In spite of the struggle to be heard in her own lifetime and after, much of Price’s music is now being rediscovered and getting the recognition it has always deserved. Here’s where to start.

Symphony No. 1

On 15 June 1933, Chicago Symphony Orchestra performed a new piece by a then-unknown composer. The composer in question was Florence Price, and the performance made history for being the first by a major US orchestra of a work by a Black female composer.

The Chicago Daily News described the piece as “a faultless work... that speaks its own message with restraint and yet with passion... worthy of a place in the regular symphonic repertoire.”

The symphony, in E minor, combines the Western symphonic tradition – the influences of composers like Dvořák and Tchaikovsky are apparent – with West-African musical styles.
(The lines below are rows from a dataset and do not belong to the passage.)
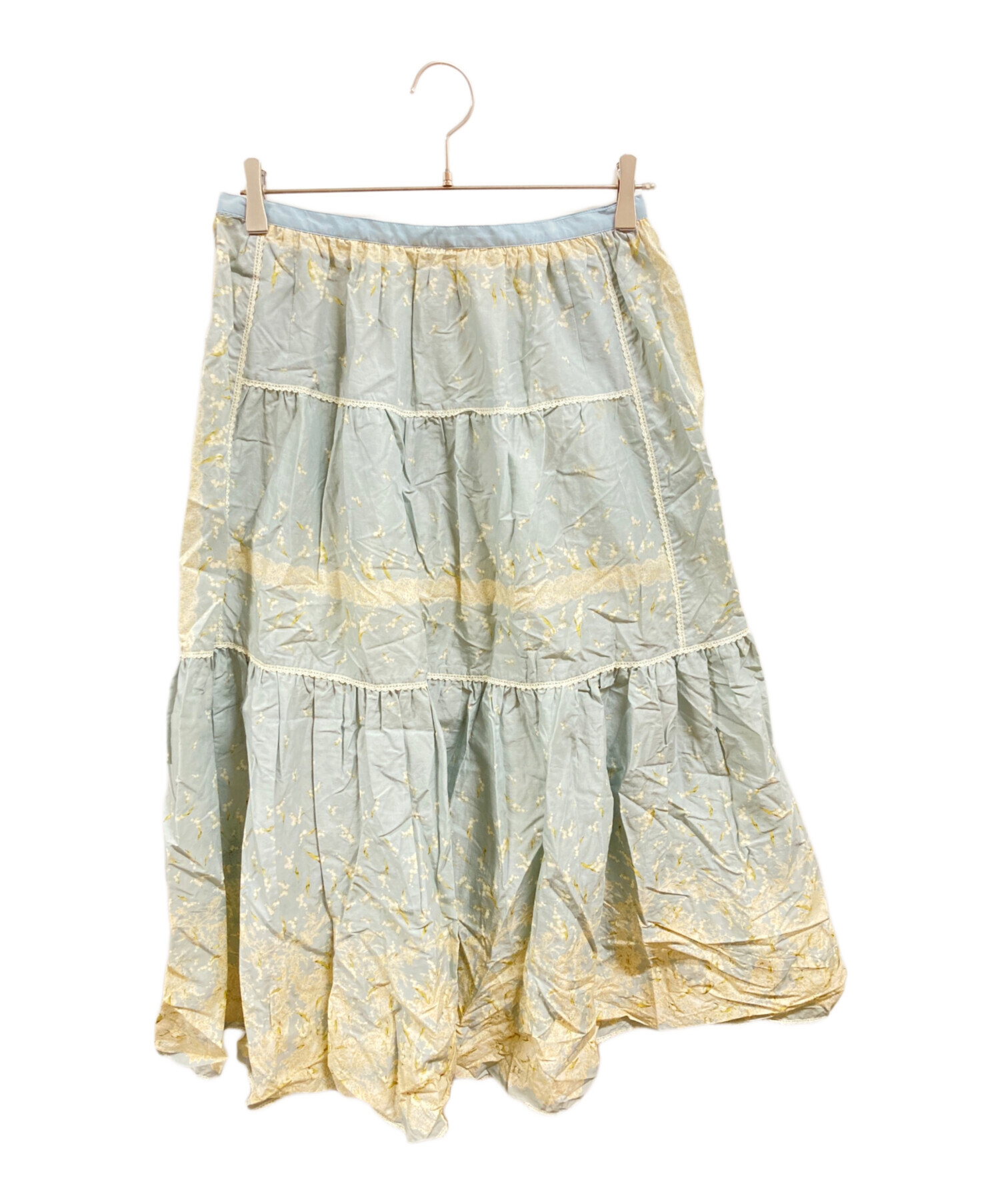 中古・古着通販】PINK HOUSE (ピンクハウス) 総柄スカート ブルー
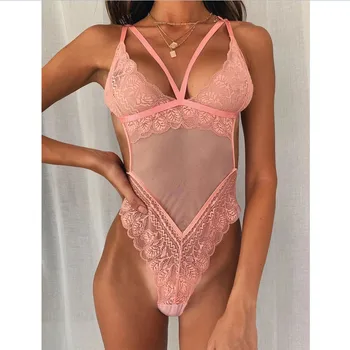 2020 Erotic Lingerie Womens Lace Bodysuit Sling Backless Mesh See-Though Solid Color Sleeveless Bodysuit Sexy Longerie Hot Sale
2020 Erotic Lingerie Womens Lace Bodysuit Sling Backless Mesh See-Though Solid Color Sleeveless Bodysuit Sexy Longerie Hot Sale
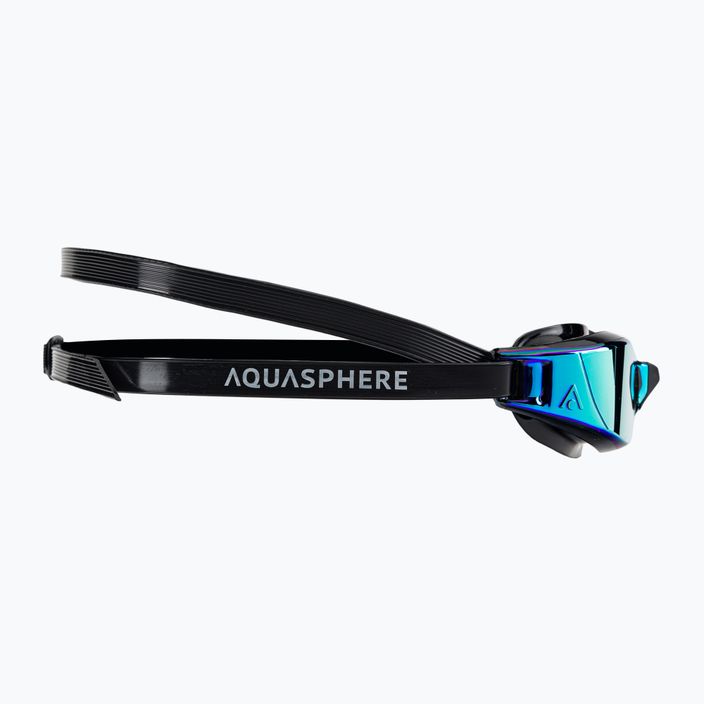 Aquasphere Xceed úszószemüveg fekete / fekete / lencsék tükörsárga EP3200101LMY 3
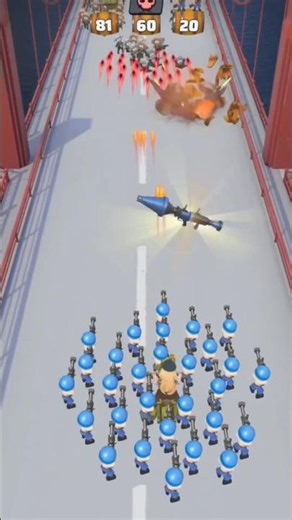 Epic Bridge Battle Run 🔥 Spec Ops 9 vs Zombies | Massive Army Clash Gameplay 2026 #shortvideo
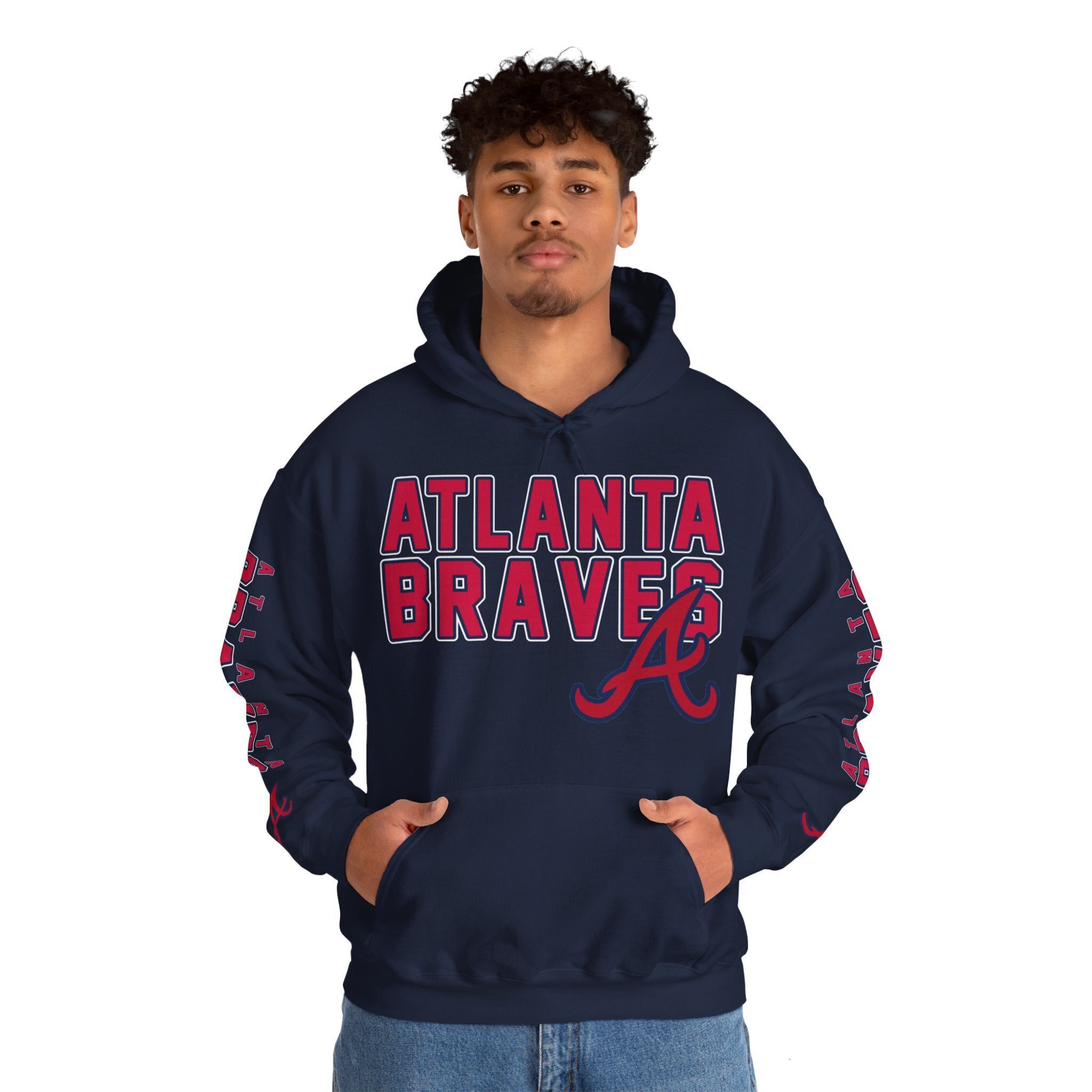 Atlanta-Braves-Bold-Unisex-Hooded-Sweatshirt-JSH1096-1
Specifically the ‘Juba Dance’, a pre-cursor to ragtime, which the third movement of the work is built around and named after.


Piano Sonata

Price’s Piano Sonata in E minor won her first prize in the 1932 Rodman Wanamaker Contest in Musical Composition.

The three-movement piece is characterised by memorable, syncopated melodies and ravishing dramatic flourishes that arrive amidst reflective, impressionistic moments.


Violin Concerto No. 2

Florence Price dedicated her second violin concerto to violinist Minnie Cedargreen Jemberg, who first performed it in 1964 at the opening of the Florence B. Price School in Chicago, which operated until 2011.

Like the symphonies, Price calls both on the Western classical tradition, and West-African and African American spiritual and dance traditions for this virtuosic concerto, which is written in a single 14-minute movement.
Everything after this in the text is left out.